The Simpsons: If you’ve ever wanted to see a “niche” business in action, then Suzanne Robertson suggests checking out “The Leftorium” on The Simpsons. But, like many small businesses, The Leftorium faces stiff competition from a big box retailer: The Southpaw Superstore.
Chip and Joanna Gaines, FixerUpper: Debra Weaver loves the show, partially because it actually drives traffic and sales to her shop, Vintage Now Modern in Greenville SC. Weaver stocks items to mimic the look fans see on the show.

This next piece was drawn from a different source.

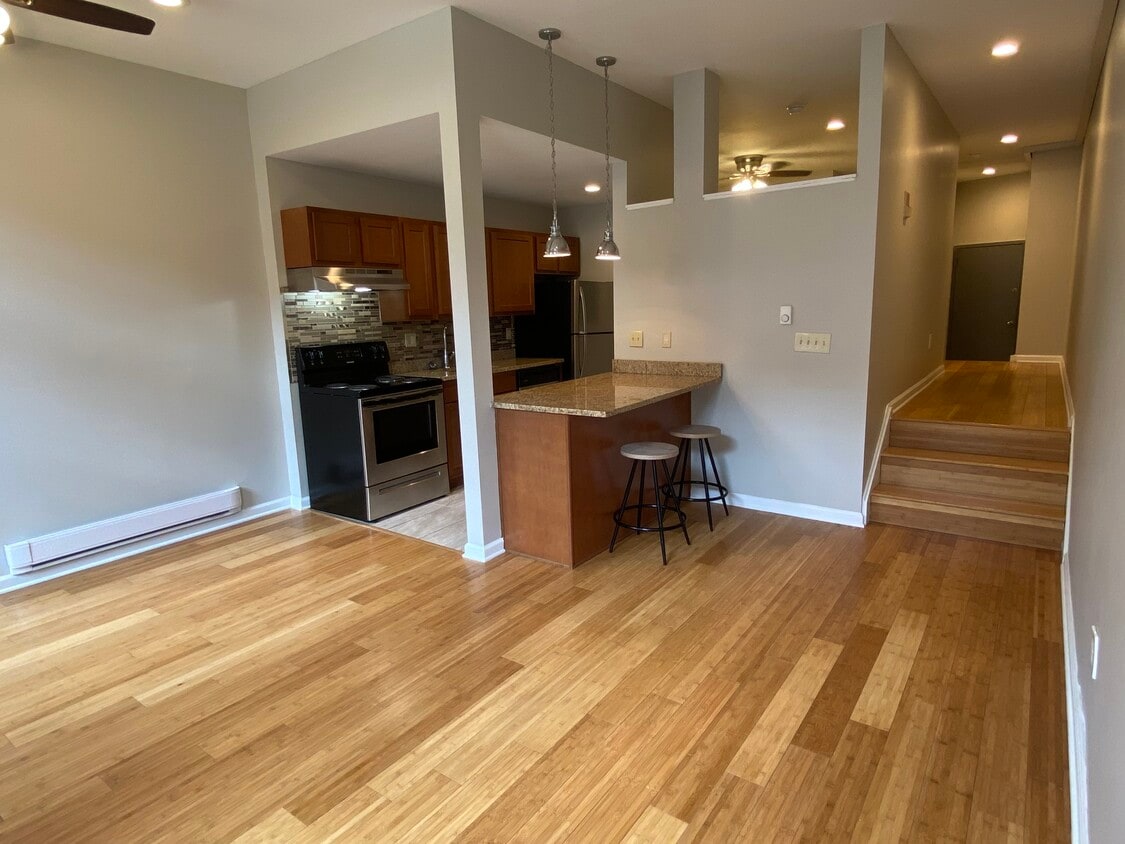 1 Bed - Bryant Lofts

Phil Dunfy, Modern Family: Phil’s my personal favorite. A real estate agent, Phil’s always hustling. He tries all kinds of marketing: signs on bus stops, free seminars, an ad on the side of his van. He holds lots of open houses and courts divorced women who could become his customers. Go Phil.
Jay Pritchett, Modern Family: Jay is a tough, old-school entrepreneur, who built a successful closet company, fighting off tough competitors like “Closets, Closets, Closets.” He’s had to deal with a new generation of customers, wanting innovations. And now Jay’s facing a situation facing many real-life entrepreneurs: how to transition his company to the next generation.
Stuart, The Big Bang Theory: Daniel Henn feels bad for Stuart, the comic book store owner, and he hopes someone will come up with a better marketing plan for him.
Michael Kyle, My Wife and Kids: Reader Hernandez Carlos misses the Damon Wayans truck driving company owner on this comedy. He was funny and taught his kids some important life lessons.
Alicia Florek and colleagues, The Good Wife: It’s rare to see a TV law firm treated like a small business, but this show does. They deal with retaining clients, bankruptcies, leases, employee revolts, partnership fights. And the firm’s top lawyer, Diane Lockhart, is one tough cookie and good businesswoman.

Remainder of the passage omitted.